(EXERCISE OBJECTIVE): Copy the lines below as they are; omit the images they contain.

(Caption-style text data)

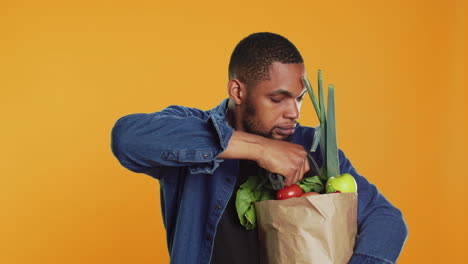 young person scanning fresh organic produce in a paper bag,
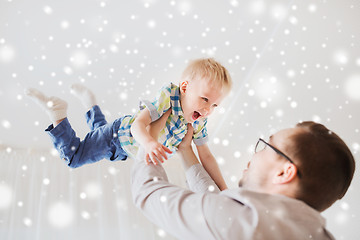 Image showing father with son playing and having fun at home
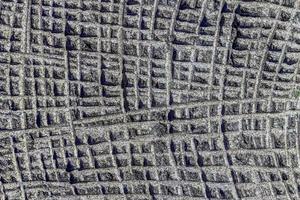 abstrakter grauer Steinquadratwand realistische Beschaffenheitsverzierung, die Felsen auf Natur baut. foto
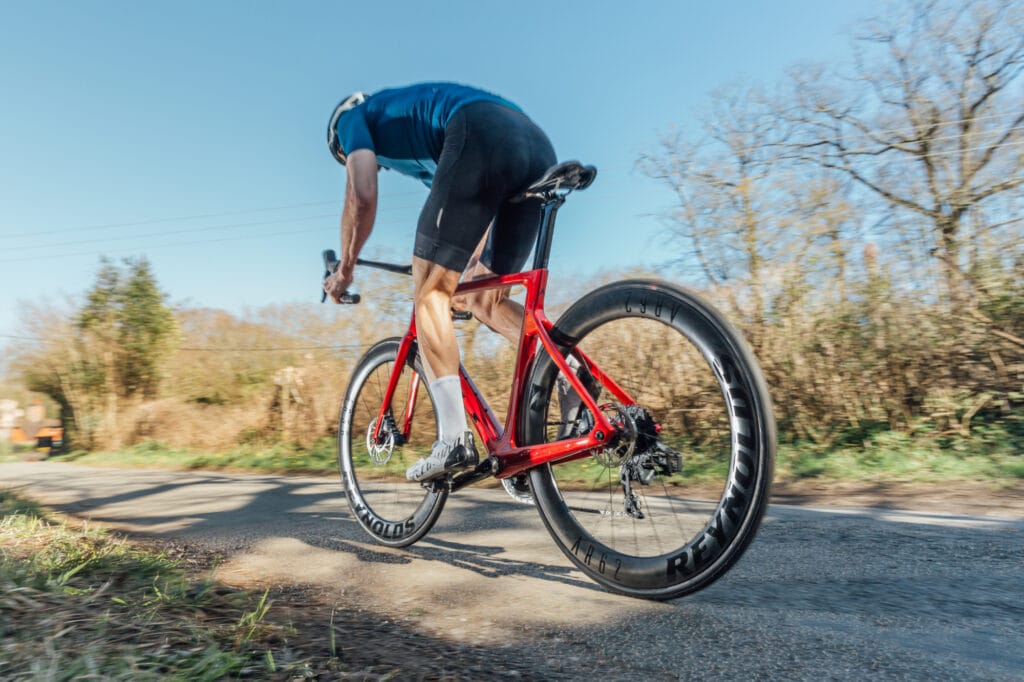 Ciclista treinando sozinho em uma estrada sem carros.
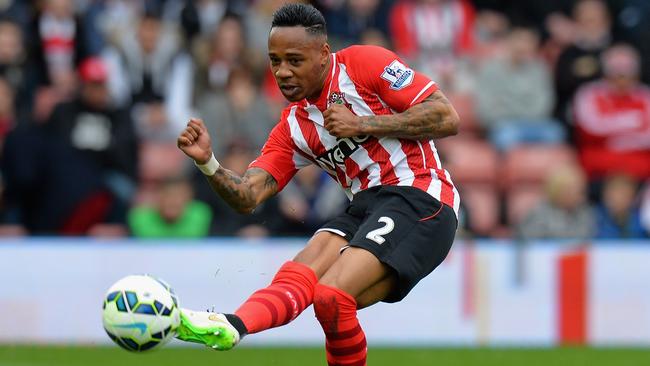 xxxx of Southampton is tackled by xxxx of Burnley during the Barclays Premier League match between Southampton and Burnley at St Mary's Stadium on March 21, 2015 in Southampton, England.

(WRITTEN REPLY):
 young person scanning fresh organic produce in a paper bag,
 Image showing father with son playing and having fun at home
 abstrakter grauer Steinquadratwand realistische Beschaffenheitsverzierung, die Felsen auf Natur baut. foto
 Ciclista treinando sozinho em uma estrada sem carros.
 xxxx of Southampton is tackled by xxxx of Burnley during the Barclays Premier League match between Southampton and Burnley at St Mary's Stadium on March 21, 2015 in Southampton, England.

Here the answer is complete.